The Andaman Islands are the beach destination India keeps to itself — not entirely, and not for much longer, but for now the gap between what the islands offer and how well they are known outside India is still significant. Radhanagar Beach on Havelock Island was named one of the best beaches in Asia by Time magazine in 2004, and the designation still holds: white sand, clear water, the tropical forest behind, and in the early morning before the other guests emerge, very few people and a lot of silence. The reefs around Havelock and Neil Island — Elephant Beach, the Lighthouse Reef, the Aquarium — have a coral coverage and a diversity of marine life that competes with the Maldives and the Seychelles, and is almost completely undived in comparison to both.

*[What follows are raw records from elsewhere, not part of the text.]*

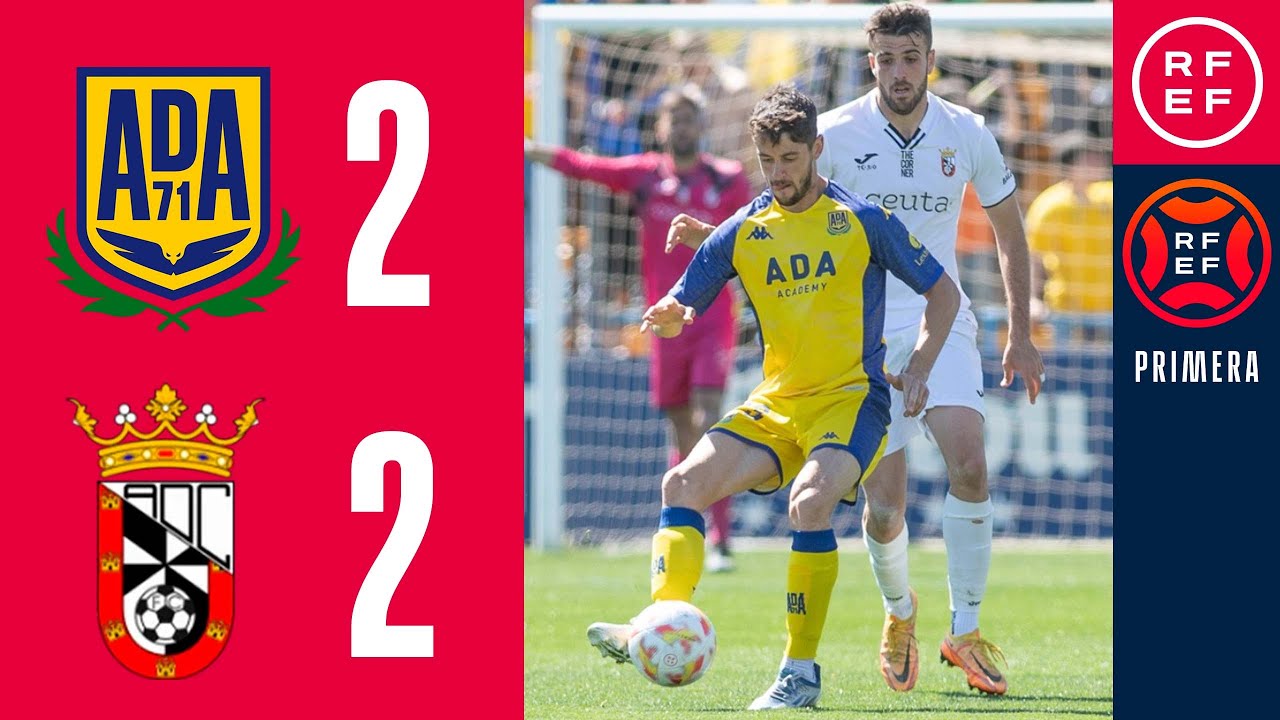 RESUMEN #PrimeraFederación | AD Alcorcón 2-2 AD Ceuta FC | Grupo 1 | Jornada 29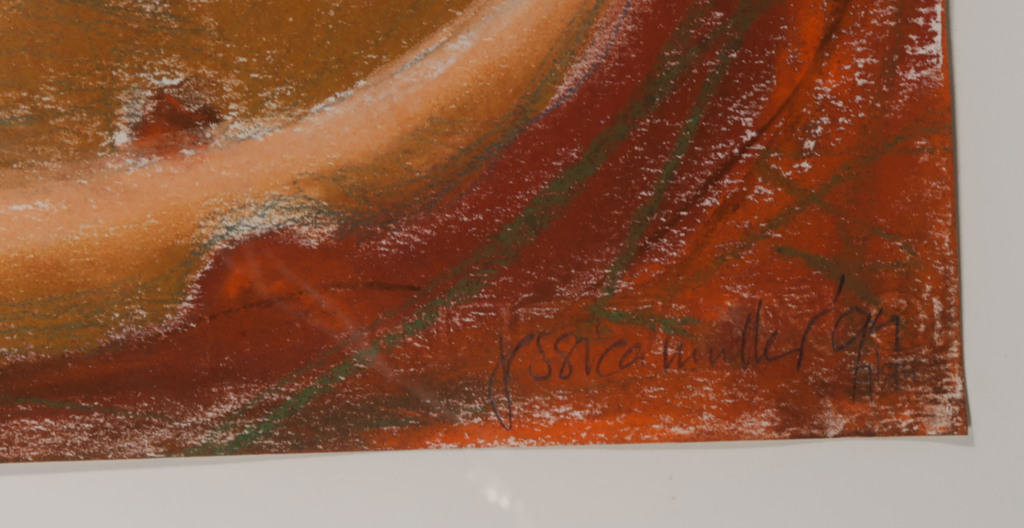 Jessica Muller: Krijttekening, The lost faces - Ingelijst (Groot) kopen? Bied vanaf 35!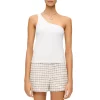 Top 10 💯 Maje One Shoulder Tank Top White 🔔 -Women's dress Shop unnamed file 832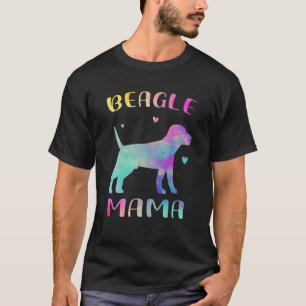Camiseta Beagle Mama Colorida Beagle Lover Cães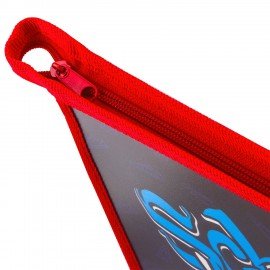 Папка для тетрадей ЮНЛАНДИЯ А4, 1 отделение, пластик, на молнии, "Sneakers", 229104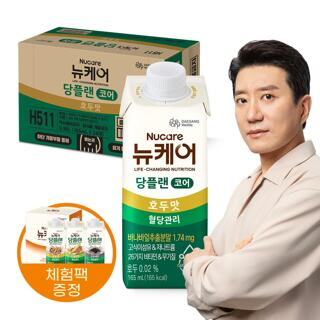 [대상웰라이프] 뉴케어 당플랜코어 호두맛 (165mlx24팩), 1박스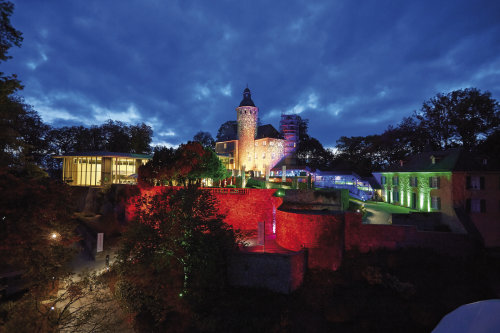 Abendstimmung auf Schloss Homburg. (Foto: Philipp Ising)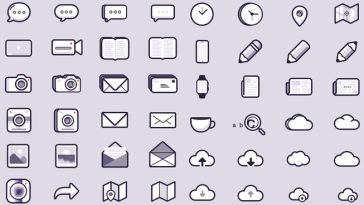 Free icons PSD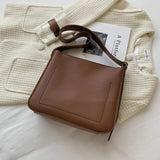 Square Shoulder Bag Crossbody for Women PU Leather Handbag Messenger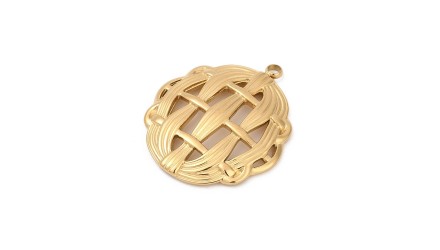 pendentif acier 18k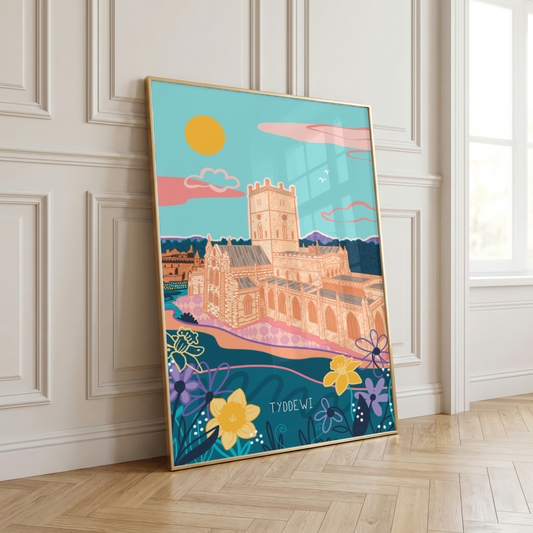 Tyddewi Unframed Print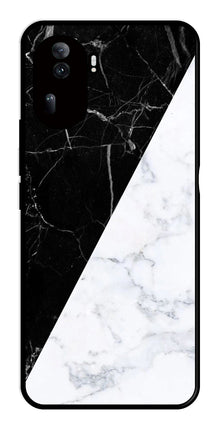 Black White Marble Design Metal Mobile Case for Oppo Reno 11 Pro 5G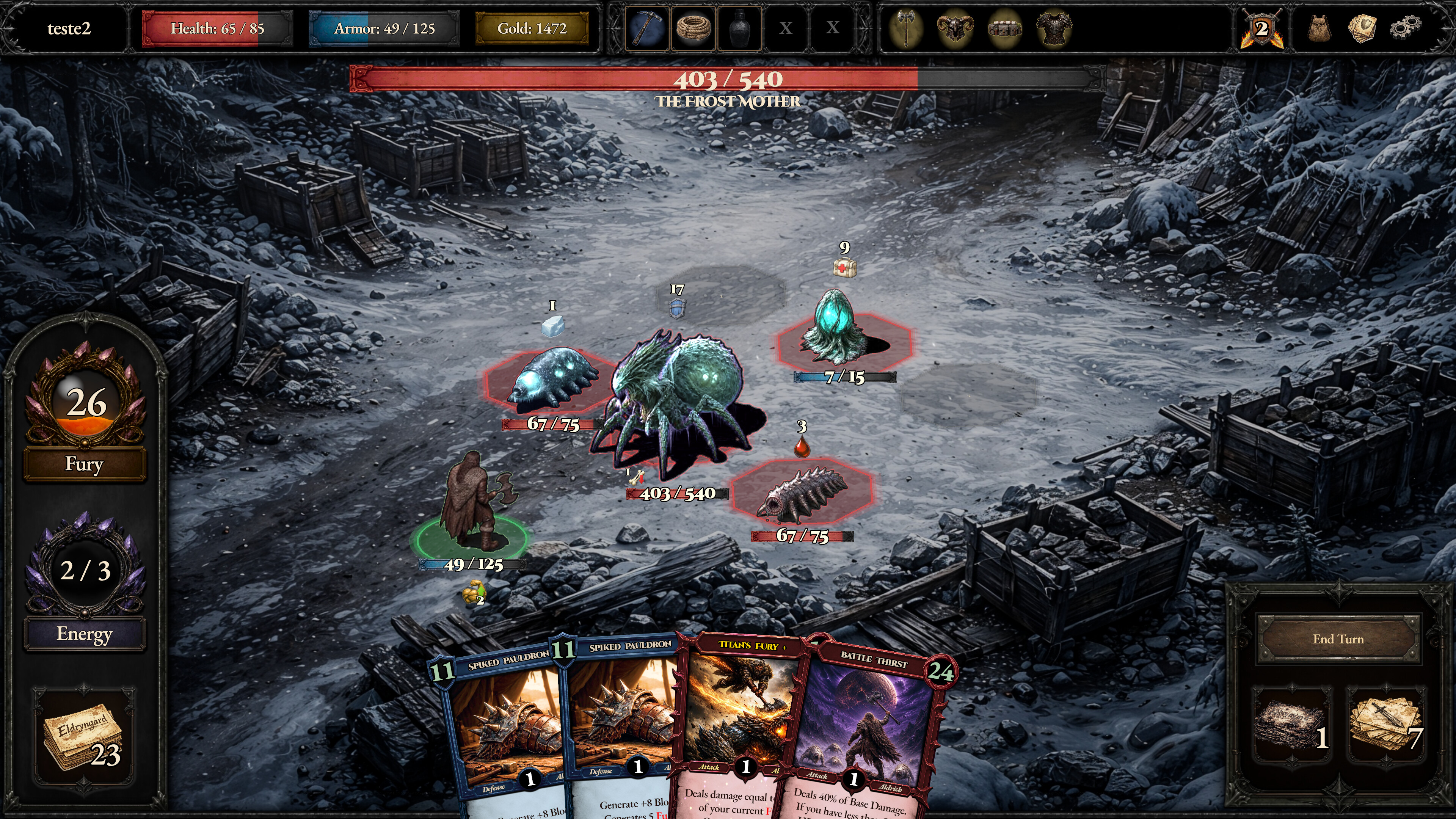 Scourge of Eldryngard screenshot 2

The honest Andaman versus Maldives comparison goes like this: the Maldives has a higher concentration of luxury infrastructure, a flatter and more accessible lagoon experience, and no Indian mainland flight involved. The Andamans have more variety within the archipelago, genuinely wilder reefs, a cultural layer (the colonial Cellular Jail in Port Blair, the Jarawa tribal territory, the living history of the freedom struggle) that the Maldives cannot offer, and a price point that makes the equivalent beach experience significantly more affordable. For Indian travellers who have done the Maldives and want the comparison trip, or for those for whom the Andamans’ Indian character matters — the food, the language, the familiar currency — it is the right choice.
The logistics are the one honest constraint: Port Blair is two hours from Chennai by air, and Havelock is an additional ninety minutes by speedboat or two and a half hours by government ferry. The ferry books up in December and January; we arrange it at the same time as the flights.